Mr Schofield, 29, and three BBC colleagues were filming Croatian army soldiers torching houses near the village of Vrginmost, south of Zagreb, when the team came under sustained fire. They fell to the ground but the shooting continued from close range, and Mr Schofield, who was wearing a flak jacket, was shot in the neck. Two colleagues were slightly injured. Shortly after, Croatian soldiers appeared to apologise for the attack, and arranged to evacuate the team.

Zagreb at first suggested that Mr Schofield had been killed by Serb forces. However, the BBC and British diplomats in Zagreb are satisfied that the shots came from Croats,who were "nervous and jumpy".

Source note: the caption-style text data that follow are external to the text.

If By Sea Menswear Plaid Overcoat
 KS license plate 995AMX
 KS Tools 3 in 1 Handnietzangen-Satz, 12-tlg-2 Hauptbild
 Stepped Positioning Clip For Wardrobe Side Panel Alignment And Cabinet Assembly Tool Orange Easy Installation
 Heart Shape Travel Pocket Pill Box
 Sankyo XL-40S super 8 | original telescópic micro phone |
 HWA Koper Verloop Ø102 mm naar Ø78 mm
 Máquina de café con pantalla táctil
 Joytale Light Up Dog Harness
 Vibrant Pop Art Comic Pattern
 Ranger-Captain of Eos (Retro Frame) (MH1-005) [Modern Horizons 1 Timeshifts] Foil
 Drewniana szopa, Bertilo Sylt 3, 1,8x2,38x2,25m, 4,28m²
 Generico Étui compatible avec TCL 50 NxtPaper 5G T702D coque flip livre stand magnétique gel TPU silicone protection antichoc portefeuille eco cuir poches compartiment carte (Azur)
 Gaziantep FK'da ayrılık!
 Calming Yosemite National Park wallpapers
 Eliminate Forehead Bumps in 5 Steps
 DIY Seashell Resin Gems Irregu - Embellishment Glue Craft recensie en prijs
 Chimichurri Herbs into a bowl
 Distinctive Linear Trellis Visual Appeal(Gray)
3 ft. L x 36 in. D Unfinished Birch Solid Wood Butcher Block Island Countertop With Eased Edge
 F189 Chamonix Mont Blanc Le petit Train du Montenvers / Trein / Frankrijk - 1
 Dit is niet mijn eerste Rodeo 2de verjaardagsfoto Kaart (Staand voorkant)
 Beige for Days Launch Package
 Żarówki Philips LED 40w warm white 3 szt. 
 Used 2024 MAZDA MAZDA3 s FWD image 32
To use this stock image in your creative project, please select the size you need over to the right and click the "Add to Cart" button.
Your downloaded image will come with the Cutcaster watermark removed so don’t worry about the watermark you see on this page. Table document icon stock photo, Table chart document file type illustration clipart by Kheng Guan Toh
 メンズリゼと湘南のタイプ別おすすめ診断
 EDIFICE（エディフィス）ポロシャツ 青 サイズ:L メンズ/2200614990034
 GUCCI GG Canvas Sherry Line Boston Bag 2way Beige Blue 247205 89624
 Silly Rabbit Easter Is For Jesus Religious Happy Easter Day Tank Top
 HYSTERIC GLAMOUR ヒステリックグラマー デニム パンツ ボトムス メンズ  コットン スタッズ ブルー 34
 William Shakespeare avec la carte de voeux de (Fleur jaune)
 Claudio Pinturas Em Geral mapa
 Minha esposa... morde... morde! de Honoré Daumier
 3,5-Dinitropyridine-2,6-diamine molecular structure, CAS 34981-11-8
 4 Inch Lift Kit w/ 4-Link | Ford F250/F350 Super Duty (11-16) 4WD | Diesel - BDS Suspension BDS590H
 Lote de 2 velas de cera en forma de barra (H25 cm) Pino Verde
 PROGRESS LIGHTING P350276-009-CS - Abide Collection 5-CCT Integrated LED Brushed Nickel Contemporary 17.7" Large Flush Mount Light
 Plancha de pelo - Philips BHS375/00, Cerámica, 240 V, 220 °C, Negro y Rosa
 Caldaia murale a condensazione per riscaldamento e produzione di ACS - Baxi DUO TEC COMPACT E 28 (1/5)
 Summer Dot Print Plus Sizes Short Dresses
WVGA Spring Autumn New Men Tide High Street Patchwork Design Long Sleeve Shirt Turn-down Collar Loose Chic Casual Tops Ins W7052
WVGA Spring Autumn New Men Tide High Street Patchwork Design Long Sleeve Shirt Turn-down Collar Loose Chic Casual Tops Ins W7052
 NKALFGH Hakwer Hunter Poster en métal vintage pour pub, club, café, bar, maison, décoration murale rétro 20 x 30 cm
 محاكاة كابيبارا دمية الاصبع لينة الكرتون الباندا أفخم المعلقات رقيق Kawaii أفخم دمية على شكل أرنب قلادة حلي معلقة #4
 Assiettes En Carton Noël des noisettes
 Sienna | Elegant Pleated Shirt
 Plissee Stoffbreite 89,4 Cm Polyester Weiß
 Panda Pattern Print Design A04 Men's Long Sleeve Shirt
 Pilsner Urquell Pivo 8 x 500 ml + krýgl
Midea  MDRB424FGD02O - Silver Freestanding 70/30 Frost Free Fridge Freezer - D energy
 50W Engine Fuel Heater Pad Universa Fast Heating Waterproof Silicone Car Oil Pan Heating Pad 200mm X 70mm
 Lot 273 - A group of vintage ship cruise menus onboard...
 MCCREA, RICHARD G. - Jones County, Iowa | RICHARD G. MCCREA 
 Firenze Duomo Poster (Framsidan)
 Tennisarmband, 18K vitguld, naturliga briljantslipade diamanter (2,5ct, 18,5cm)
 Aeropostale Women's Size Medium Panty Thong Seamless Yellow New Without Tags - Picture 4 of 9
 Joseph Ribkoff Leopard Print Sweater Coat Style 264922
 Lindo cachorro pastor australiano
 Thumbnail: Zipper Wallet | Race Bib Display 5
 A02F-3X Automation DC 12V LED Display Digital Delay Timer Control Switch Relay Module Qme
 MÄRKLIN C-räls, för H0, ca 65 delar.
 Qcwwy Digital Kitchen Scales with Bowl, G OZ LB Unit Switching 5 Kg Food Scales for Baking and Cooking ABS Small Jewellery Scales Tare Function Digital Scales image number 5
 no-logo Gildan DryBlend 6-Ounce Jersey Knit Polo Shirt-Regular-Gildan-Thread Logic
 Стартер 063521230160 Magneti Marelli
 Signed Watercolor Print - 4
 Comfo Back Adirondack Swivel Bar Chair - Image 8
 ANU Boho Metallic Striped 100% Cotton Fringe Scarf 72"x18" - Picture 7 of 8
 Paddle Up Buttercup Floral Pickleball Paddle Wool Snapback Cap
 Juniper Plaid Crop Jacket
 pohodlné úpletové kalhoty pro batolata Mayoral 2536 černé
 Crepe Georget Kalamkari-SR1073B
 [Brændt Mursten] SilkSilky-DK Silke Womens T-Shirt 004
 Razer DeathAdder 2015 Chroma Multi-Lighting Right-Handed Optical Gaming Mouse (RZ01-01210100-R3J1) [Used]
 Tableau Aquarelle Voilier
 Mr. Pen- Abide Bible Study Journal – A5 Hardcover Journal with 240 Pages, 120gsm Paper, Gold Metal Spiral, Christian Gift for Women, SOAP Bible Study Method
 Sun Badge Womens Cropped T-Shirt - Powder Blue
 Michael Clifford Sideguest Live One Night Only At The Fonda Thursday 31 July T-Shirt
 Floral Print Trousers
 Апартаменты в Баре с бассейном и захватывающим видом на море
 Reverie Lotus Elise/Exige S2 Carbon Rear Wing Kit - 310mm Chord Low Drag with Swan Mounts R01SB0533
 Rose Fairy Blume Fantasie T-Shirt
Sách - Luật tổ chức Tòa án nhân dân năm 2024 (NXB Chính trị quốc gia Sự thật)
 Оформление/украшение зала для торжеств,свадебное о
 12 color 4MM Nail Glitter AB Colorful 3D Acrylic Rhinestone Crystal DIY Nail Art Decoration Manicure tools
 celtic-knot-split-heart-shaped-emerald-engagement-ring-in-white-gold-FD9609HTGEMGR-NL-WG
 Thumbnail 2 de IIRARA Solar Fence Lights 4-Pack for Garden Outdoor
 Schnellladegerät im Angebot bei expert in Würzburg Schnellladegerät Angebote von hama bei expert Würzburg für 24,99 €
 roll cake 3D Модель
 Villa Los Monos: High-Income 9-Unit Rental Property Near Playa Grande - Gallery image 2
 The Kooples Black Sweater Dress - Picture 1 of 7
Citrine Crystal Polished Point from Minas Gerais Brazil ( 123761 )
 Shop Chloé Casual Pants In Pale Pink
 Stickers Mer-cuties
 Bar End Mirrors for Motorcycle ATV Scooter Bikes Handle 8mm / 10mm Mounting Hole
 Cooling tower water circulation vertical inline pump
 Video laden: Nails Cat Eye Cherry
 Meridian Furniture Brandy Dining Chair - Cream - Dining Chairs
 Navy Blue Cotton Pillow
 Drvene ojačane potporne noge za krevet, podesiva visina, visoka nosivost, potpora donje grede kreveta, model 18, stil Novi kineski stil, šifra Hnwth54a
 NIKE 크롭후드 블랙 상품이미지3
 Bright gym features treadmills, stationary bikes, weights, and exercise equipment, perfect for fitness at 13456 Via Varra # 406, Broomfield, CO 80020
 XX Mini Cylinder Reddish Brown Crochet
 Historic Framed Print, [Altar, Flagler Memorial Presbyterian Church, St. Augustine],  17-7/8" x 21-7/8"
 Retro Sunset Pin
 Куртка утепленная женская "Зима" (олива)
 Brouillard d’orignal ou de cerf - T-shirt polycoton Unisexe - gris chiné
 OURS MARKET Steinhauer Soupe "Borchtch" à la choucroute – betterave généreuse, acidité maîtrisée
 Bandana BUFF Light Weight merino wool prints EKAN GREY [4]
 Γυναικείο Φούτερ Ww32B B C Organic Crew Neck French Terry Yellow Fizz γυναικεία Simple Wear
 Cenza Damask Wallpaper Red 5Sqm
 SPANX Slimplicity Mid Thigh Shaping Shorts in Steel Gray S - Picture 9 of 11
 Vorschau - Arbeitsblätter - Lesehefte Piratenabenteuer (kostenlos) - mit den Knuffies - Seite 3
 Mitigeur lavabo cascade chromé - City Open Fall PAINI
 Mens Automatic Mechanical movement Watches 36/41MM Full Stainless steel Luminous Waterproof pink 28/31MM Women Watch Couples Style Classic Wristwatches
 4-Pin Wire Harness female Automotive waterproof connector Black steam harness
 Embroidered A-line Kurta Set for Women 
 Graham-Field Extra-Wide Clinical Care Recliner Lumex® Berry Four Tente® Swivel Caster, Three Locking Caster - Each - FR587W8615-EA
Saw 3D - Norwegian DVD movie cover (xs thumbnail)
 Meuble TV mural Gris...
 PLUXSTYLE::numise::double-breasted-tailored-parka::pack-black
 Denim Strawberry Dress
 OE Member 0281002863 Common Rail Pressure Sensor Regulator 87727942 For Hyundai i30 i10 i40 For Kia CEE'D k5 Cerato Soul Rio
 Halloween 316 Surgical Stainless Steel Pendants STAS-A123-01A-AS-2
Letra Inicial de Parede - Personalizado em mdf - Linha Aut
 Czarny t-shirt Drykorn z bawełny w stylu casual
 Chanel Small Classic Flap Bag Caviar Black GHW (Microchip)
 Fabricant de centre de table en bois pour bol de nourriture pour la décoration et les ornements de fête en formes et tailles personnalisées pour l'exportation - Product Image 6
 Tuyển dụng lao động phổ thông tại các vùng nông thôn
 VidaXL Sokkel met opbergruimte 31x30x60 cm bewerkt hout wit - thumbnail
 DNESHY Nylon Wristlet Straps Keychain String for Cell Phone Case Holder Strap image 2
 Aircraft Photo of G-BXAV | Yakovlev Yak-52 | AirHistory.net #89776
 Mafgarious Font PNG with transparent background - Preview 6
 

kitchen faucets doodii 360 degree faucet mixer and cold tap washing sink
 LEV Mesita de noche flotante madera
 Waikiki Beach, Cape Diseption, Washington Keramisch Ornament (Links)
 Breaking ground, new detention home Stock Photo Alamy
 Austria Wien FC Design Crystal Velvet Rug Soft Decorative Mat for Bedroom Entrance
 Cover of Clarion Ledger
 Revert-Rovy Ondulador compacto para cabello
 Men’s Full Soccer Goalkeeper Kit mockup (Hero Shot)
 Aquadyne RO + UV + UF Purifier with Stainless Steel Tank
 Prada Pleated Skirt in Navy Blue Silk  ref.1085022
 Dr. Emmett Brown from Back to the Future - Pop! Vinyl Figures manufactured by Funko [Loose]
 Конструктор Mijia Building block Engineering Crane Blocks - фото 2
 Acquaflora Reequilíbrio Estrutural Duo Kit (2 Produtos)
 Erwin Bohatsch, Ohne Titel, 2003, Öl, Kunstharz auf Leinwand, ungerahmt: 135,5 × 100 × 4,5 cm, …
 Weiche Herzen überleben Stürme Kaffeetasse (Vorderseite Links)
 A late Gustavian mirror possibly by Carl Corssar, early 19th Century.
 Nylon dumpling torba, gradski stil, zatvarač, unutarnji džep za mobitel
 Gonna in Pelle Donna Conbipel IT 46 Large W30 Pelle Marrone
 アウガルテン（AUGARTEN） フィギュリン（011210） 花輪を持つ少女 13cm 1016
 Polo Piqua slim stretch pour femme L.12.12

Reporters sans Frontieres, an international organisation of journalists, wrote to President Franjo Tudjman of Croatia yesterday to protest at the killing and to demand an impartial inquiry into Mr Schofield's death.

Mr Schofield, who worked for BBC radio, was the 56th journalist killed on assignment during four years of war in former Yugoslavia. The victims include 24 foreigners and 32 local reporters, according to the Committee to Protect Journalists.

Troops often object to television crews filming what they see as sensitive areas, and have threatened many reporters. But it is more usual to steal or confiscate video tape, film or camera equipment, or to shoot to frighten, than actually to kill reporters in cold blood.

Many reporters have been shot, very deliberately, by snipers while driving cars clearly marked with "TV"- the sign of a press car. There has been much debate over whether to mark cars or not: large news agencies use white armoured Land Rovers, which are often mistaken for UN vehicles.

The last reporters to die in Bosnia were two Americans from Spin magazine who drove over a mine near Mostar while trying to find the road to Sarajevo.

Several journalists wounded in the war have returned, including Margaret Moth, a CNN camerawoman shot through the jaw in Sarajevo, Martin Bell, who was hit by shrapnel in the city, Rob Celliers, shot by a sniper in the Serb-held suburb of Ilidza and Corinne Dufka, a Reuter photographer injured by a mine in Gornji Vakuf. The first three are in Bosnia, Ms Dufka has moved to Africa and covers Rwanda.